Protokoll des zu Wien am 24. November 1861 abgehaltenen Ministerrates unter dem Ah. Vorsitze Sr. Majestät des Kaisers.

I. Statut für den Unterrichtsrat

Se. k. k. apost. Majestät geruhten durch den Staatsminister die Motive mehrerer Bestimmungen des au. beantragten Statuts für den Unterrichtsrat eingehend beleuchten zu lassen1, u. zw. insbesondere jener über die Bildung einer Abteilung für die Volksschulen § 6, einer Sektion für die evangelisch-theologischen Anstalten § 7, dann die Zahl und Amtsdauer der Unterrichtsräte §§ 9, 10 und 13.

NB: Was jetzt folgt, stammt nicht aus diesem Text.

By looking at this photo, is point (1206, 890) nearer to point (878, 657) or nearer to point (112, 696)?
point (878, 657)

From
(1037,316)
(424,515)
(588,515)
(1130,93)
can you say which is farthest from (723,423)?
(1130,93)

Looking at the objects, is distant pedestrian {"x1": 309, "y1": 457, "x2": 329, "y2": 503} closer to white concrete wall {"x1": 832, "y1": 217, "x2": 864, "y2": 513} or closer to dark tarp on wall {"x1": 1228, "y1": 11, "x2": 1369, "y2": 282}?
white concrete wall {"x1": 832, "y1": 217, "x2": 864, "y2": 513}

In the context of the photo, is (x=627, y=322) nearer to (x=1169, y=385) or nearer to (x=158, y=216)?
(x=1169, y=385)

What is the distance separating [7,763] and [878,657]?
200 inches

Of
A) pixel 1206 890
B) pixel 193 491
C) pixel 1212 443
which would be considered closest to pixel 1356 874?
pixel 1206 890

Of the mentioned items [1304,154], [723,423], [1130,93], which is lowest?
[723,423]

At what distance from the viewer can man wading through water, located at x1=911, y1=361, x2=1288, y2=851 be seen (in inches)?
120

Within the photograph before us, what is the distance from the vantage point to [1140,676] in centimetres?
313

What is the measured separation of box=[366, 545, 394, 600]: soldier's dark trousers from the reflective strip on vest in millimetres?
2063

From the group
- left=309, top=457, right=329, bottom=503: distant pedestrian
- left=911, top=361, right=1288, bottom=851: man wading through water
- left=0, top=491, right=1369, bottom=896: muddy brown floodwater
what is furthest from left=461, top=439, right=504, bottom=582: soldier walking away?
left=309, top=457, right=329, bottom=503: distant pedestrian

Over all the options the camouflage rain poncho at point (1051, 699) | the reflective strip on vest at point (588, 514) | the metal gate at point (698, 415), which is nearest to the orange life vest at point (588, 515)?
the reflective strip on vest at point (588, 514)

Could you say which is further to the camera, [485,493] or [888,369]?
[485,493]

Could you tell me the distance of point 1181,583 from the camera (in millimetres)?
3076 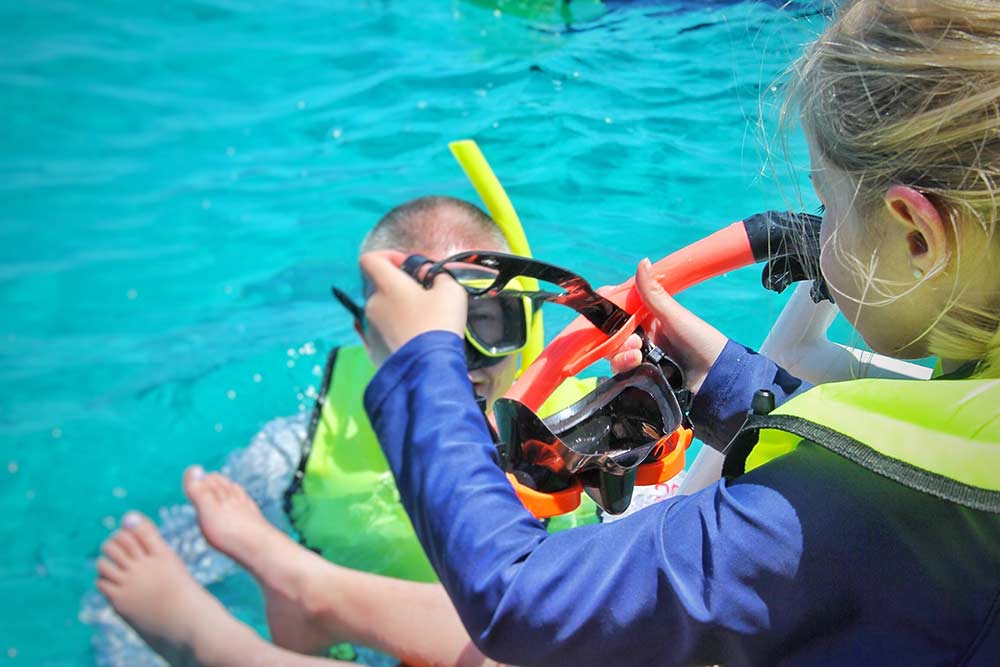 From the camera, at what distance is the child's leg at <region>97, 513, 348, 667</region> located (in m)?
2.08

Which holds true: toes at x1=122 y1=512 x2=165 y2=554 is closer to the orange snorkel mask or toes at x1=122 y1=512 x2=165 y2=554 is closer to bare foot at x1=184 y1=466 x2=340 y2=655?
bare foot at x1=184 y1=466 x2=340 y2=655

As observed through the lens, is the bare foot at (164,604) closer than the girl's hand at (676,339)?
No

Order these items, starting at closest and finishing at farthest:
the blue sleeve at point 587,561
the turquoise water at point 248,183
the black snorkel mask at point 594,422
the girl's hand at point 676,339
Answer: the blue sleeve at point 587,561 < the black snorkel mask at point 594,422 < the girl's hand at point 676,339 < the turquoise water at point 248,183

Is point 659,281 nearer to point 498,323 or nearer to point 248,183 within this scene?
point 498,323

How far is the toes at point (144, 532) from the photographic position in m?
2.48

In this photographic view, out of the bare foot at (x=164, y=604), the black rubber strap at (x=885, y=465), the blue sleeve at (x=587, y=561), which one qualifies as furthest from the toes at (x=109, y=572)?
the black rubber strap at (x=885, y=465)

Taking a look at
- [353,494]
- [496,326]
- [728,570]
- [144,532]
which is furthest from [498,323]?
[728,570]

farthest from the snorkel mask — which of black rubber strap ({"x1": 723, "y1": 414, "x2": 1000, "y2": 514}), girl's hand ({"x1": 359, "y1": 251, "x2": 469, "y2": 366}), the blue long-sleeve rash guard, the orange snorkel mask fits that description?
black rubber strap ({"x1": 723, "y1": 414, "x2": 1000, "y2": 514})

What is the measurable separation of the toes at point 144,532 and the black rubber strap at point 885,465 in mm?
1953

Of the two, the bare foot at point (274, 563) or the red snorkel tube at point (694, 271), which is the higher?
the red snorkel tube at point (694, 271)

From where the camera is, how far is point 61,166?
15.5ft

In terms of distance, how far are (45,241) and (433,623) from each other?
3.15 metres

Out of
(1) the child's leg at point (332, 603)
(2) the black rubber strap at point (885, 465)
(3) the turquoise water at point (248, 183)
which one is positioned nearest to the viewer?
(2) the black rubber strap at point (885, 465)

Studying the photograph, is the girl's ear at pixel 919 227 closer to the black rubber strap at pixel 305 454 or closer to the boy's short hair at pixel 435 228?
the boy's short hair at pixel 435 228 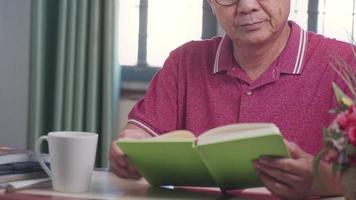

Zu einer längeren Beratung gab die von Sr. Majestät Ah. aufgeworfene Frage Anlaß, ob nicht der letzte Paragraph des Statutenentwurfs, welcher von der Ingerenz des Unterrichtsrates in die ungarischen, siebenbürgischen und kroatischen Unterrichtsangelegenheiten handelt, ganz wegbleiben könne, da er eigentlich fast nur eine umschreibende Wiederholung des § 1 ist und daher diesen Paragraph eher abschwächt als bekräftigt. Abgesehen hievon würde die Textierung des letzten Paragraphes durch die Weglassung des sinnstörenden Wortes „gleichfalls“ nur gewinnen. Im Laufe der hierüber gepflogenen Erörterung erinnert der ungarische Hofkanzler , daß bei den über dieses Statut stattgefundenen Ministerkonferenzen die Beifügung dieses im ursprünglichen Entwurf nicht enthaltenen Schlußparagraphes deswegen beschlossen worden sei, um der Eigentümlichkeit Rechnung || S. 60 PDF || zu tragen, daß der Wirkungskreis der ungarischen Statthalterei, welcher ein eigener Studienrat beigegeben ist, dann den politischen Landesstellen in Kroatien und Siebenbürgen in Personal- und didaktischen Angelegenheiten ein etwas ausgedehnterer ist als der Wirkungskreis der dem Staatsministerium unterstehenden Landesstellen. Dieser Zusatz sollte ausdrücken, daß in dem von Sr. Majestät wiederhergestellten Wirkungskreise jener drei Landesstellen (sowie der Hofstellen) durch das Statut nichts geändert worden sei. Sofern diese Absicht durch eine anderweitige Textänderung erreicht werden kann, finde Graf Forgách von seinem Standpunkt gegen die Weglassung des letzten Paragraphes nichts zu erinnern. Der Ministerrat vereinigte sich hierauf zu dem vom Minister Ritter v. Lasser formulierten au. Antrage, im § 2 einen Satz beiläufig des Inhaltes einzuschalten: „daß der Unterrichtsrat von den Ministerien und Hofkanzleien nur insoweit in Anspruch zu nehmen sei, als die Unterrichtsangelegenheiten der Entscheidung dieser Behörden vorbehalten sind“. Se. Majestät der Kaiser geruhten diesen Antrag Ag. zu genehmigen, und es wurde sonach der Schlußparagraph gestrichen.

Schließlich bemerkte der ungarische Hofkanzler , er sehe voraus, daß die Ingerenz des Unterrichtsrates bei Volksschulangelegenheiten in manchen Ländern, namentlich in Böhmen, wo man den Einfluß der Landesvertretung auf die Volksschule im weitesten Sinne aufzufassen geneigt ist, nicht günstig aufgenommen werden dürfte, worauf Se. Majestät zu erwidern geruhten, daß man das Was und Wie in der Volksschule gelehrt werden solle, nicht ohne die nachteiligsten Folgen ganz den Landesvertretungen zur Entscheidung überlassen könne2.

Ah. E. Ich habe den Inhalt dieses Protokolls zur Kenntnis genommen. Franz Joseph. Venedig, 3. Dezember 1861. Empfangen 6. Dezember 1861. Erzherzog Rainer.